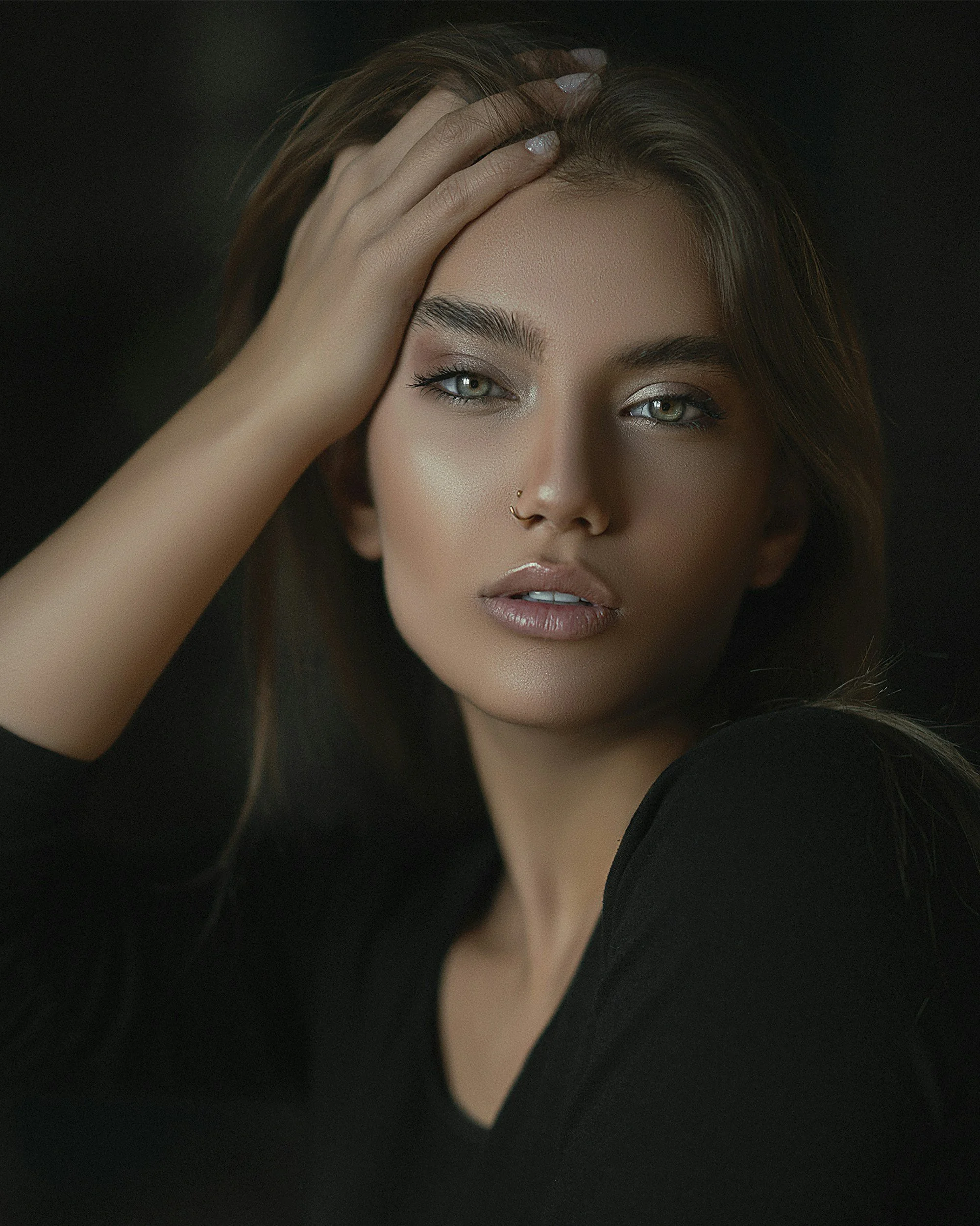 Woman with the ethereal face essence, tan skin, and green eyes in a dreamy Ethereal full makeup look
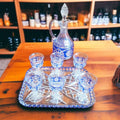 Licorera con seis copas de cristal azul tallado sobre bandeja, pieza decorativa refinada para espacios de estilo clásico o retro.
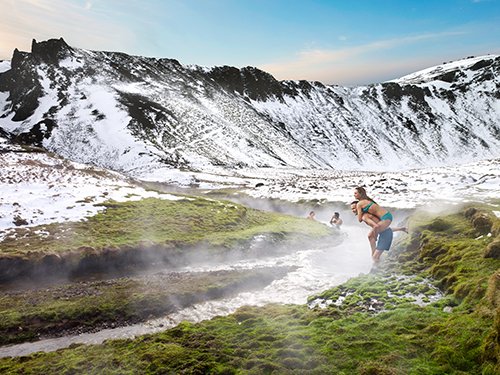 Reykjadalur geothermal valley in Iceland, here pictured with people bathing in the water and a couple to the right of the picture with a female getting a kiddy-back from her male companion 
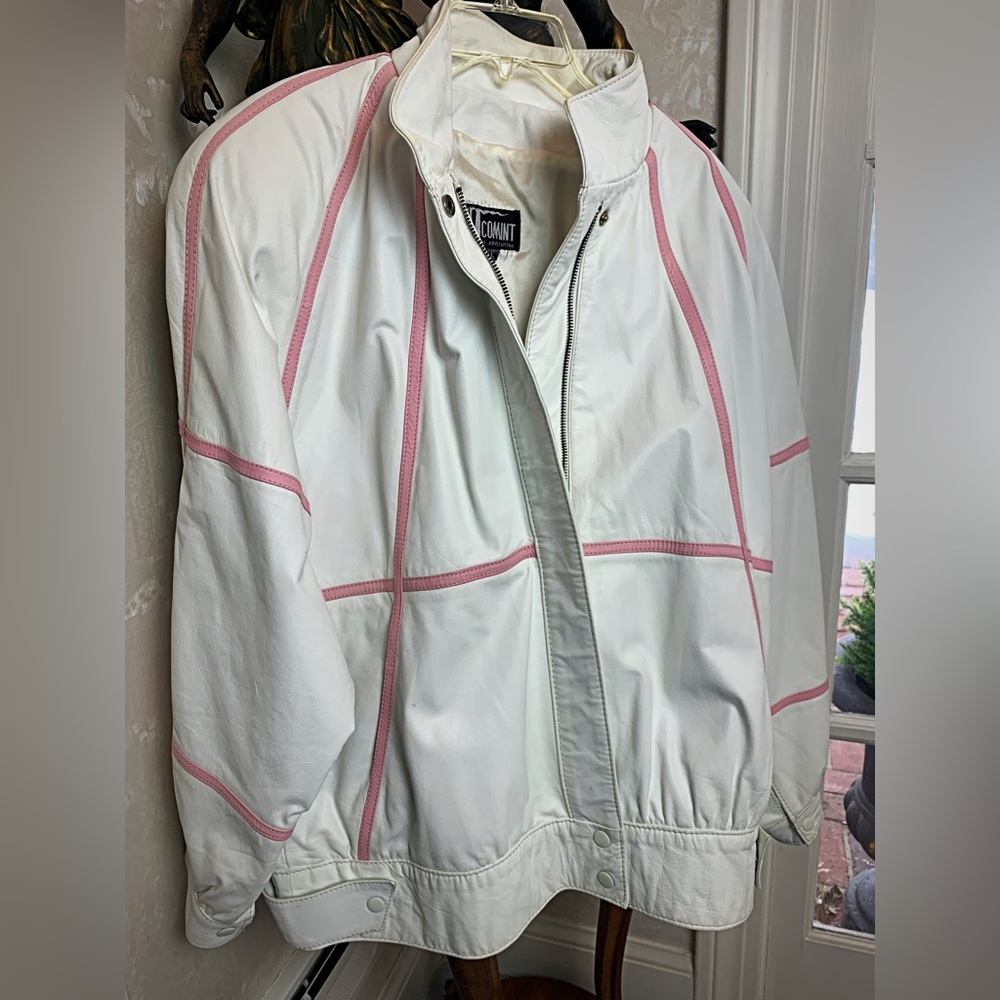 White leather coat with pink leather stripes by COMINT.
= = = = =
DIRECTIONS FOR THIS TASK.
Everything in the listing above must be restated word for word, except the images.

RESULT FOR THIS EXERCISE.
 Woman with the ethereal face essence, tan skin, and green eyes in a dreamy Ethereal full makeup look
 Licorera con seis copas de cristal azul tallado sobre bandeja, pieza decorativa refinada para espacios de estilo clásico o retro.
 Reykjadalur geothermal valley in Iceland, here pictured with people bathing in the water and a couple to the right of the picture with a female getting a kiddy-back from her male companion 
 White leather coat with pink leather stripes by COMINT.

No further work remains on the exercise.